Overview of DDAP algorithm. (A) A schematic view of polyketide synthase modules and docking domains. (B) The pipeline of the feature selection method in Model 1. The similarity measure utilized in this study is the bit-score which is not in the range of (0–1) as depicted in the plot. (C) The pipeline of the feature selection method in Model 2. (D) An example of the input and output of DDAP for docking domain affinity prediction. (E) An example of the input and output of DDAP for pathway prediction
2.3 Pathway prediction
antiSMASH 5 is a state-of-the-art tool for natural product gene cluster discovery (Blin et al., 2019). Following antiSMASH identification of a biosynthetic gene cluster, DDAP can read the PKS annotation and its docking domain affinity prediction algorithm predicts the order of modules/substrates in the biosynthetic pathway (see Supplementary Materials). Alternatively, users can also provide the AA sequences of PKS proteins in FASTA or CSV format. In the output, DDAP returns an exhaustive list of all possible pathways, each associated with a probability score (0–1), and a SMILES string representing the backbone structure of the proposed biosynthetic product. DDAP also provides a plot of the compound structure for the top ten most likely pathways (Fig. 1E).
3 Results
According to the five-fold cross-validation results of the best performing model, the area under the receiver operating characteristic (ROC) curve (AUC) for DD affinity prediction was 0.80 (95% CI: 0.78–0.81). The Mean Reciprocal Ranking (MRR) of the true pathways was 0.63 (95% CI: 0.59–0.67). Approximately 71% of the time, the true pathway ranked among the top three. We further tested the best performing model on the hold-out testing set. The final model achieved AUC = 0.88 (95% CI: 0.77–0.98) for DD affinity prediction. The MRR for pathway prediction was 0.67 (95% CI: 0.27–1.00). The true order received the highest likelihood score in 4 of 7 testing pathways (see Supplementary Materials).

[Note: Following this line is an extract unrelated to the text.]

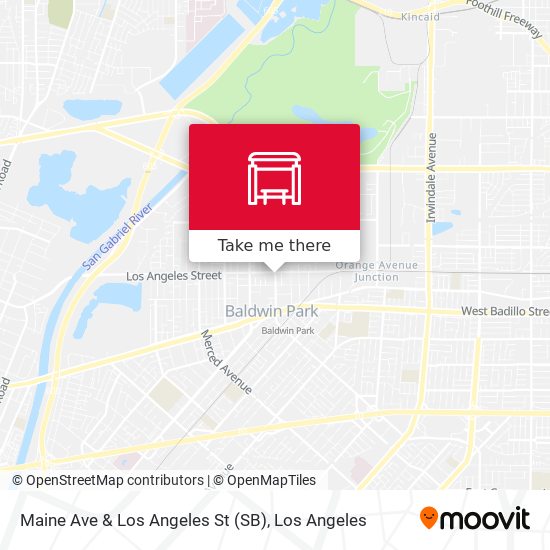 Mapa de Maine Ave & Los Angeles St (SB)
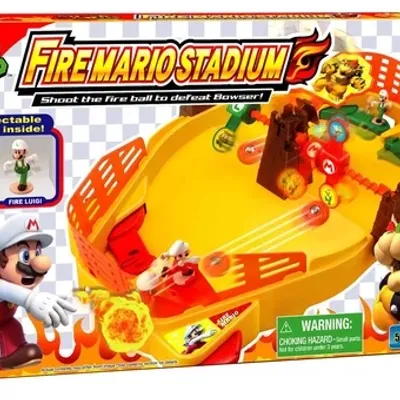 Epoch Super Mario Gra Zręcznościowa Fire Mario Stadium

Finally, we compared our method with the most widely used method, which was originally developed by Yadav et al., and later adopted by antiSMASH and NP.searcher. We used antiSMASH 4.2.0 (Blin et al., 2017) to test the performance of Yadav’s method. Seventy pathways were used to compare the performance (see Supplementary Materials). For these 70 pathways, antiSMASH achieved MRR = 0.48 (95% CI: 0.38–0.57); DDAP achieved MRR = 0.62 (95% CI: 0.57–0.66).
4 Conclusion
In this study, we established a database for pathways and docking domains of type I modular polyketide synthases. We also built a machine learning based algorithm that predicts T1PKS pathways. The DDAP algorithm is shown to outperform the state-of-the-art without relying on large databases of proteins/compounds. The prediction tool can be readily incorporated into natural product discovery pipelines and used as a complementary tool along with genome mining software to provide accurate predictions of bacterial type I modular PKS pathways and backbone structures of the secondary metabolites.
Funding
Partial funding for this research was provided by National Institutes of Health (NIH) grant R35 GM118101, and the H. W. Vahlteich Professorship (to D.H.S.). A.R. and T.L. were supported by Cancer Center Support Grant Bioinformatics Shared Resource 2P30CA046592, startup funds from the University of Michigan, NCIR37CA214955-01A1, and a Research Scholar Grant from the American Cancer Society (RSG-16-005-01). We are also grateful to the University of Michigan Biosciences Initiative and UM Natural Products Discovery Core (NPDC) for support.
Conflict of Interest: A.R. is a member of Voxel Analytics, LLC.